#### Exercise aim:
Give again the lines from the line with "Обезумевший россиянин схватил" to the last line of the records, exactly and in full. Do not carry over any pictures.

_ _ _ _ _ _ _

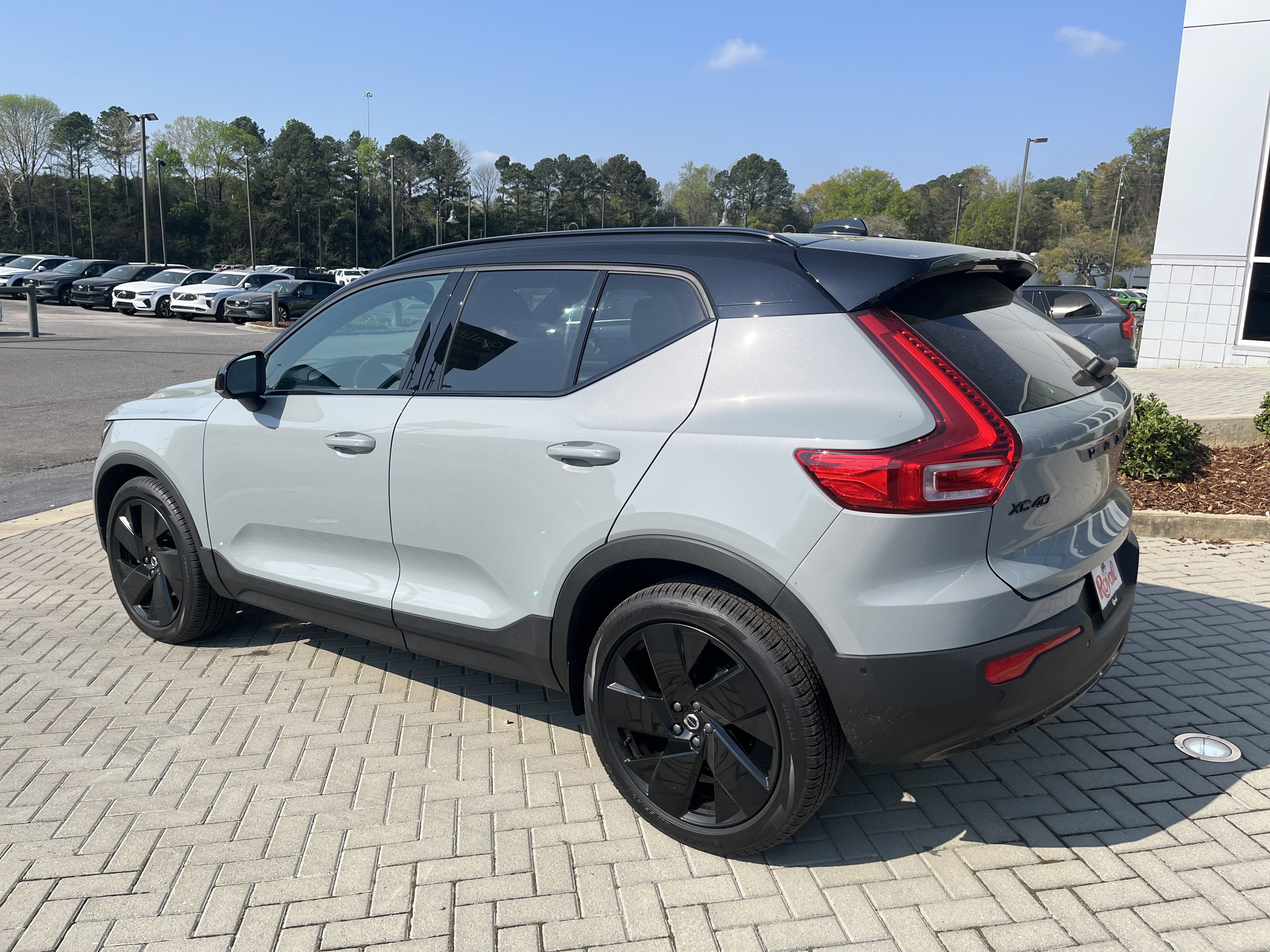 New 2026 Volvo XC40 B5 Ultra w/ Protection Package Premier image 3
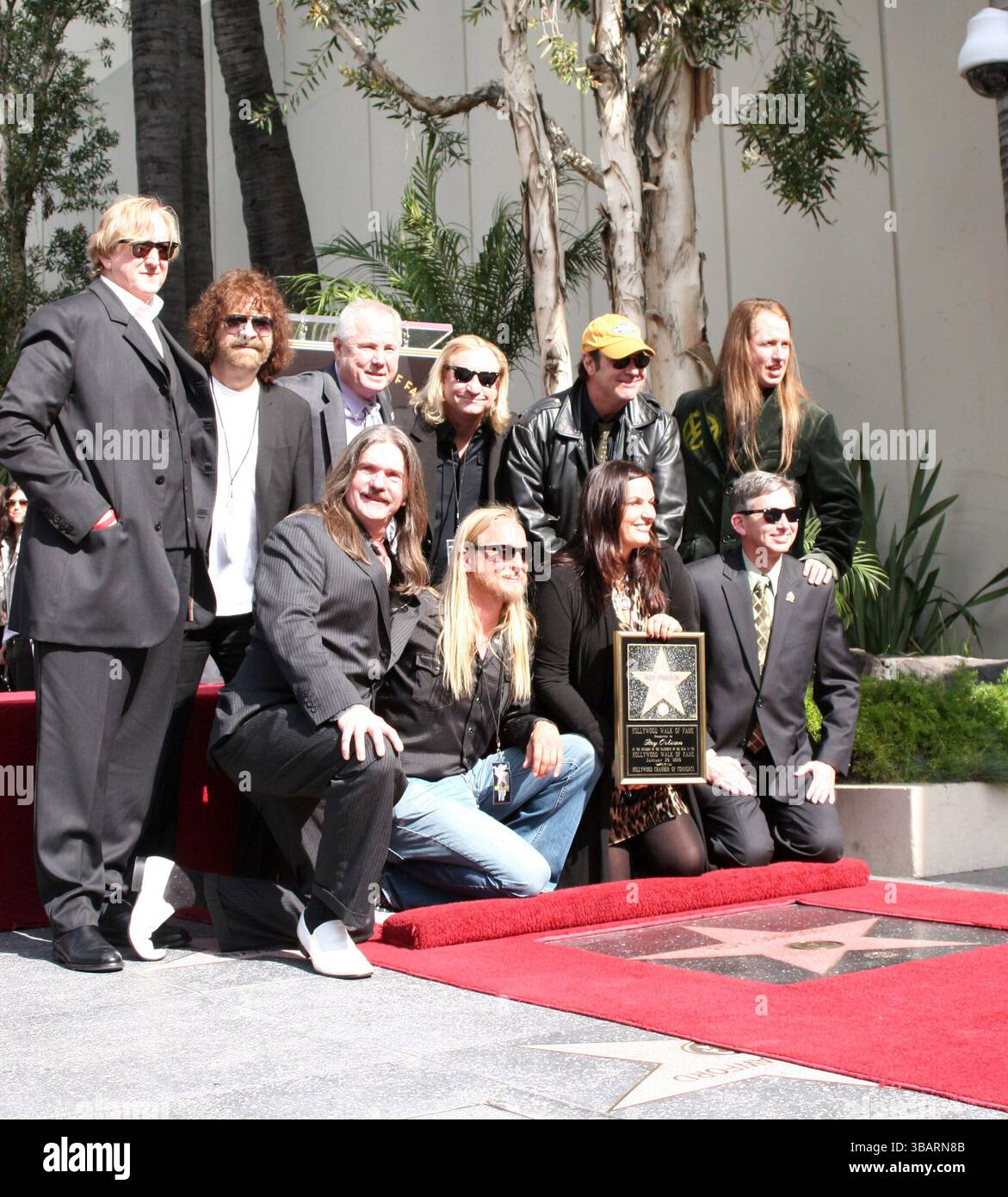 Dan Aykroyd, David Lynch Alex Orbison, Roy Orbison Jr., Barbara Orbison, T-Bone Burnett und Roy Orbison bei Roy Orbisons Einführung in den Hollywood Walk of Fame in Hollywood, Los Angeles - 29. Januar 2010 Stockfoto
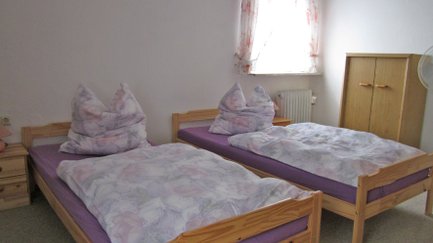 Ruhiges Schlafzimmer mit zwei Einzelbetten und praktischem Kleiderschrank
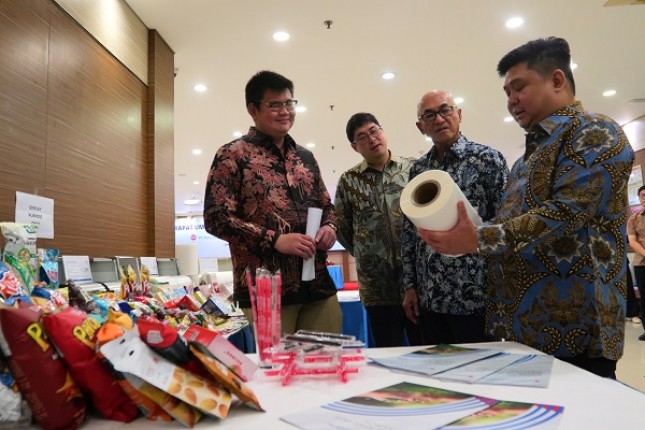 Direksi PT Indopoly Swakarsa Industry Tbk (IPOL) Kiri-Kanan: Jeffrey Halim, Wakil Direktur Utama. Gordon Zhao Yu Giang, Direktur. Irawan Sastrotanojo, Komisaris Independen. Leo Firdaus, Direktur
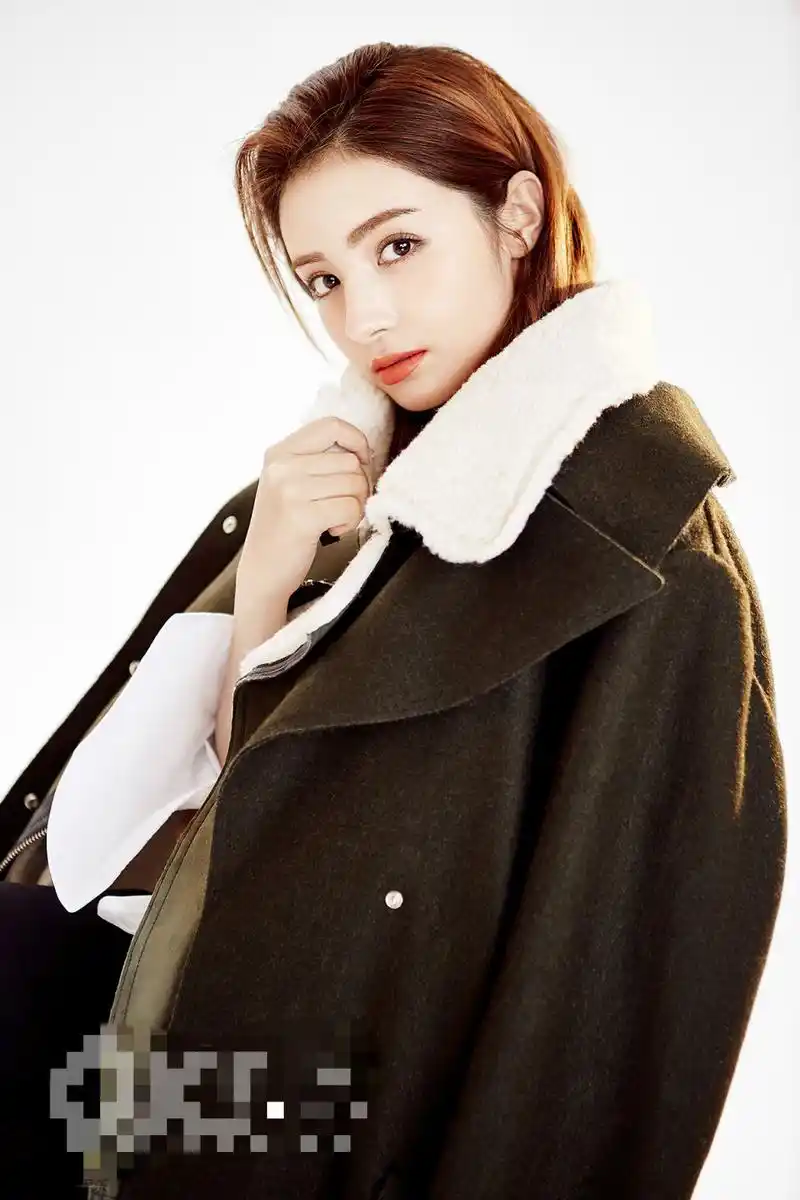 麦迪娜甜美帅气演绎冬日穿搭魅力_高清图集_新浪网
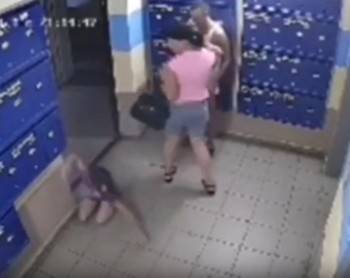 Обезумевший россиянин схватил свою малолетнюю дочь за волосы и ударил об стену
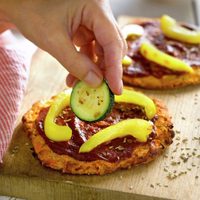 Pizzetas de zanahoria: ideal para guardar en el freezer y resolver el almuerzo o cena en 10 minutos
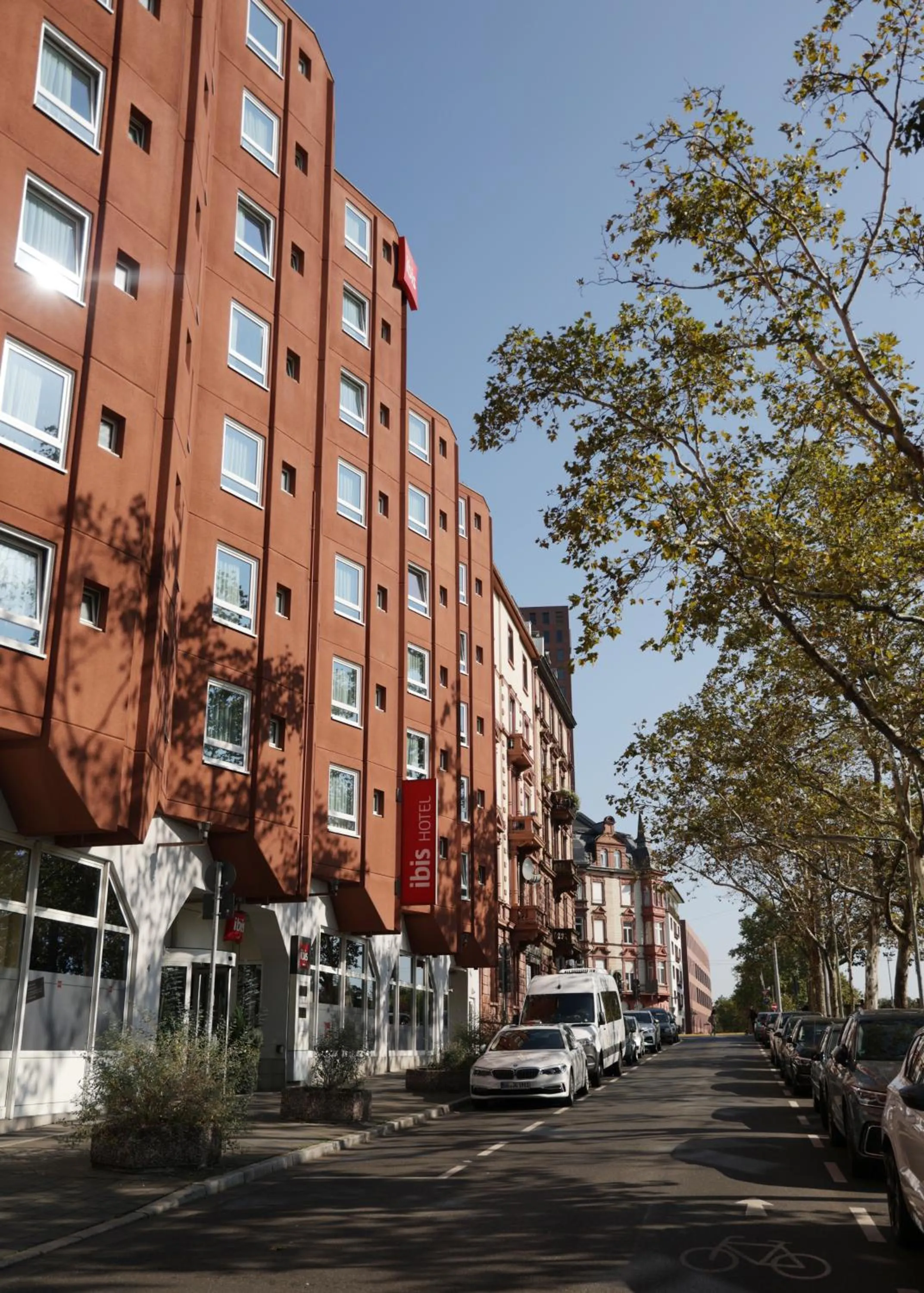 Property building in ibis Frankfurt Centrum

_ _ _ _ _ _ _

#### Answer section:
 Обезумевший россиянин схватил свою малолетнюю дочь за волосы и ударил об стену
 Pizzetas de zanahoria: ideal para guardar en el freezer y resolver el almuerzo o cena en 10 minutos
 Property building in ibis Frankfurt Centrum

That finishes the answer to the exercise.